Reajuste e periodicidade anual

O art. 6º, inciso LVIII, da Lei nº 14.133/21 trouxe a definição do reajustamento em sentido estrito:

LVIII – reajustamento em sentido estrito: forma de manutenção do equilíbrio econômico-financeiro de contrato consistente na aplicação do índice de correção monetária previsto no contrato, que deve retratar a variação efetiva do custo de produção, admitida a adoção de índices específicos ou setoriais;

(destaque nosso)

No que tange à tal instituto, a Lei nº 10.192/2001, que dispõe sobre medidas complementares ao Plano Real, define em seu art. 2º que:

Art. 2o É admitida estipulação de correção monetária ou de reajuste por índices de preços gerais, setoriais ou que reflitam a variação dos custos de produção ou dos insumos utilizados nos contratos de prazo de duração igual ou superior a um ano.
§ 1o É nula de pleno direito qualquer estipulação de reajuste ou correção monetária de periodicidade inferior a um ano.

(destaque nosso)

Essa lei, em seu art. 3º, §1º, prevê que, nos contratos em que seja parte órgão ou entidade da Administração Pública direta ou indireta da União, dos Estados, do DF e dos Municípios, a periodicidade anual do reajuste será contada a partir da data limite para apresentação da proposta ou do orçamento a que essa se referir.

Já a Lei nº 14.133/21, por sua vez, define em seu art. 92, §3º, que:

§ 3º Independentemente do prazo de duração, o contrato deverá conter cláusula que estabeleça o índice de reajustamento de preço, com data-base vinculada à data do orçamento estimado, e poderá ser estabelecido mais de um índice específico ou setorial, em conformidade com a realidade de mercado dos respectivos insumos.

(destaque nosso)

Nesse cenário, observa-se uma antinomia entre as normas, de forma que devemos nos recorrer aos critéios para a solução desse conflito.

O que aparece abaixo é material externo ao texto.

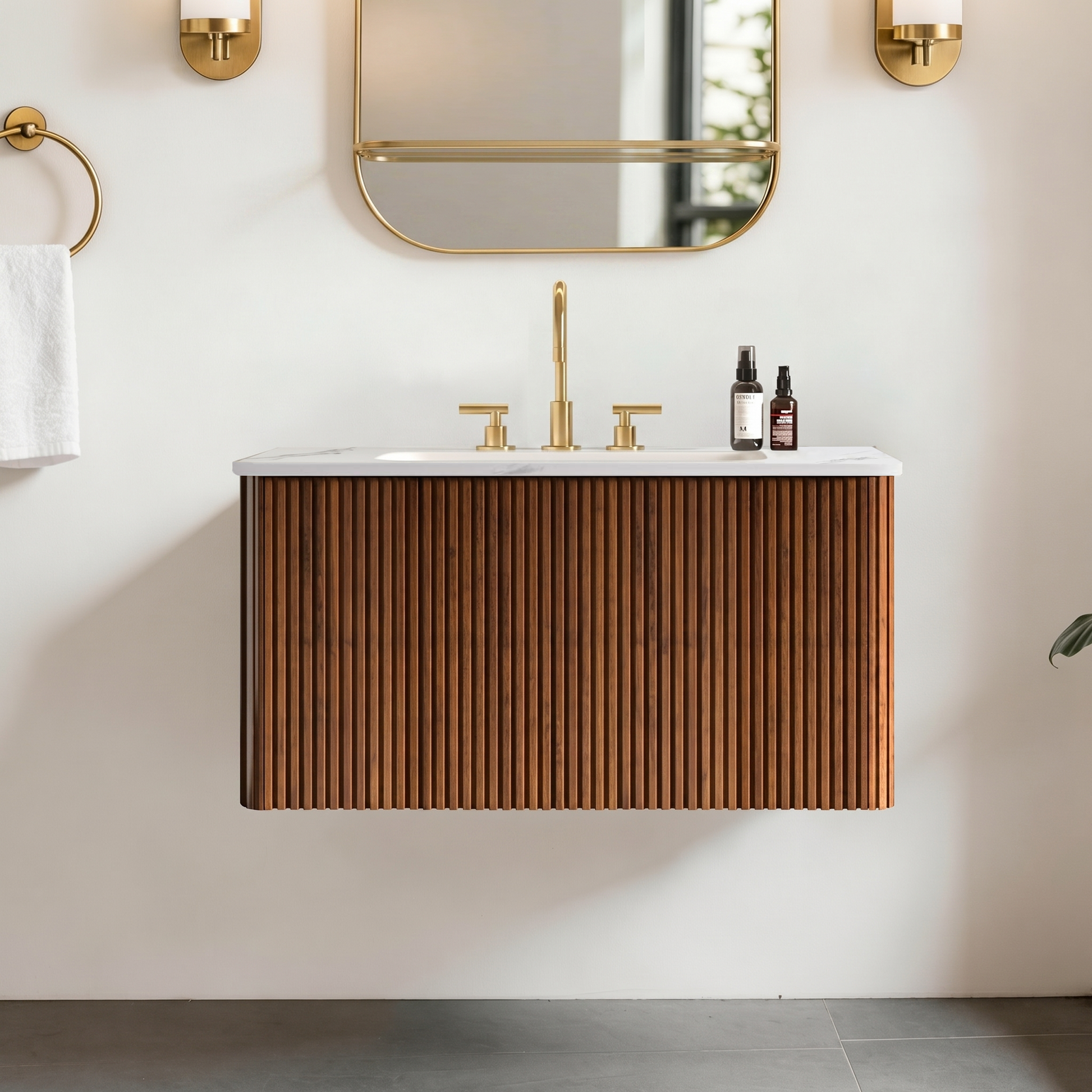 Etna 30" Striped Walnut Bathroom Vanity with Carrara White Ceramic Sink, Wall Mounted Floating Bathroom Vanity for Modern Bathroom, KD image 1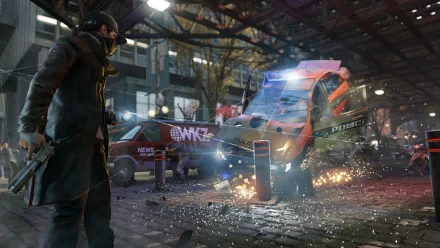 Aiden Pearce from the video game Watch Dogs navigates a gritty urban scene, featuring explosive action and high-tech elements in this striking 4K Ultra HD desktop wallpaper.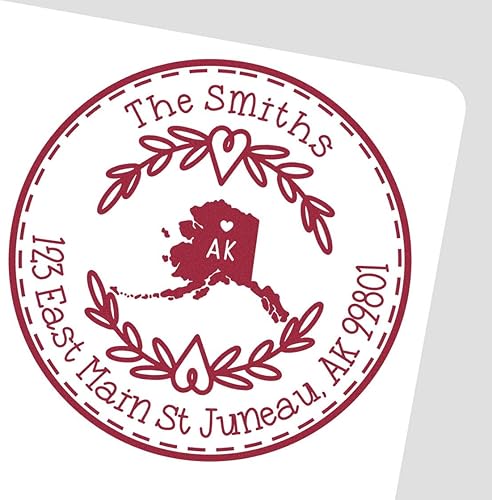 Miniatura 18 de Round State Love - Sello de dirección de devolución para Texas, uso con almohadilla de sello, mango de madera, sello de dirección de Texas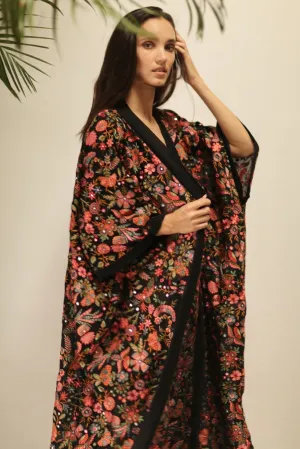 GAIA SILK FLOWER EBMROIDERD KIMONO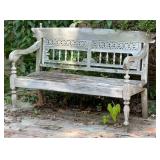 Vintage Weathered Wood Garden Bench, Decorative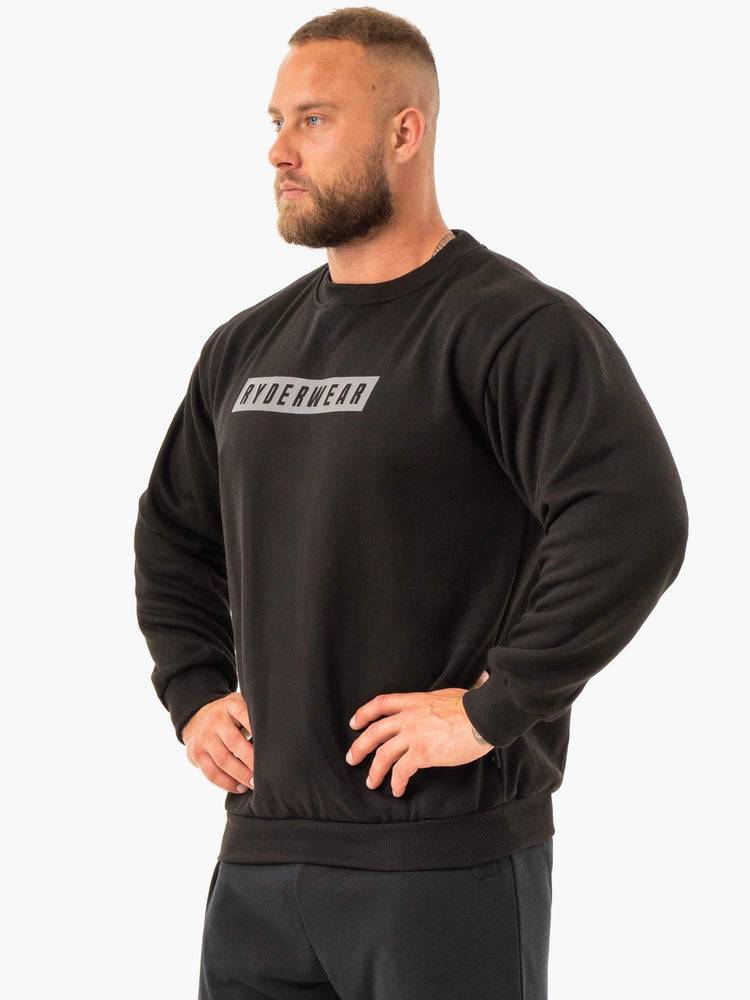 Swetry Męskie Ryderwear Men Sweaters Force Pullover Czarne | PL2834JJ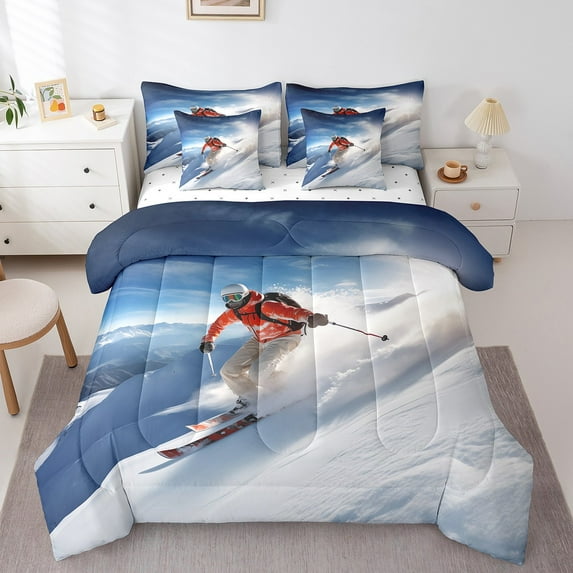 7Pcs Ski Bedding Cool Skiing Comforter Set Twin, Skier Sports Fans Bed In A Bag (Comforter+Fitted+Flat Sheet+2 Pillowcases+2 Throw Pillow Covers) 7 Pieces Bed Set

Assim, enquanto a Lei nº 10.192/2001 prevê que a periodicidade anual do reajuste será contada da data limite para a apresenção da proposta ou do orçamento, a Lei nº 14.133/21 dispõe que o reajustamento terá data-base vinculada à data do orçamento estimado.

Nesses termos, tendo em vista o critério cronológico, bem como o critéio da especialidade, no caso dos contratos administrativos, deve prevalecer a norma prevista na Lei nº 14.133/21.

Previsão do índice de reajuste e contratos com vigência inferior a 12 meses

Como destacado, o art. 2º, da Lei nº 10.192/2001 dispõe que é admitida a estipulação de reajuste por índice nos contratos de prazo de duração igual ou superior a um ano. A interpretação sistemática das normas pertinentes, contudo, não parece levar à conclusão de ser vedada a estipulação de índice de reajuste em contratos com vigência inferior a 12 meses.

A jurisprudência vinha entendendo que o fato de o prazo do contrato ser inferior a 1 ano não afastaria a possibilidade de prever cláusulas no edital e no contrato que assegurem o direito ao reajuste.

Nesse sentido, vale conhecer o seguinte precedente do Tribunal de Contas da União (TCU):

66. Entretanto, o estabelecimento dos critérios de reajuste dos preços, tanto no edital quanto no instrumento contratual, não constitui discricionariedade conferida ao gestor, mas sim verdadeira imposição, ante o disposto nos artigos 40, inciso XI, e 55, inciso III, da Lei 8.666/93. Assim, a sua ausência constitui irregularidade, tendo, inclusive, este Tribunal se manifestado acerca da matéria, por meio do Acórdão 2804/2010-Plenário, no qual julgou ilegal a ausência de cláusula neste sentido, por violar os dispositivos legais acima reproduzidos. Até em contratos com prazo de duração inferior a doze meses, o TCU determina que conste no edital cláusula que estabeleça o critério de reajustamento de preço (Acórdão 73/2010-Plenário, Acórdão 597/2008-Plenário e Acórdão 2715/2008-Plenário, entre outros)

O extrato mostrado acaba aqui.